* [PROBLEM DESCRIPTION]: Everything below from the line with "下列施工合同风险中，属于管理风险的是（　）。" through the line with "as和cs硫酸软骨素(硫酸软骨素的作用及用途详解)" should be copied exactly, and nothing else; leave out the pictures.

Segment Start: DATASET CONTENT

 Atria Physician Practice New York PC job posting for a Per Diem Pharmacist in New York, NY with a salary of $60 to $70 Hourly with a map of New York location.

Segment End: DATASET CONTENT
Segment Start: DATASET CONTENT

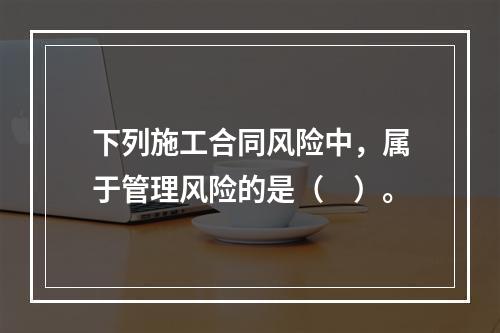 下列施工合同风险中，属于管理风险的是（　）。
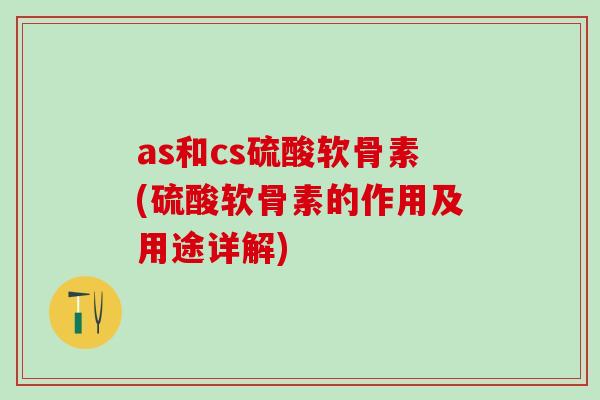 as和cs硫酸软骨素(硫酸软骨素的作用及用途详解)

Segment End: DATASET CONTENT

* [FINAL ANSWER]:
 下列施工合同风险中，属于管理风险的是（　）。
 as和cs硫酸软骨素(硫酸软骨素的作用及用途详解)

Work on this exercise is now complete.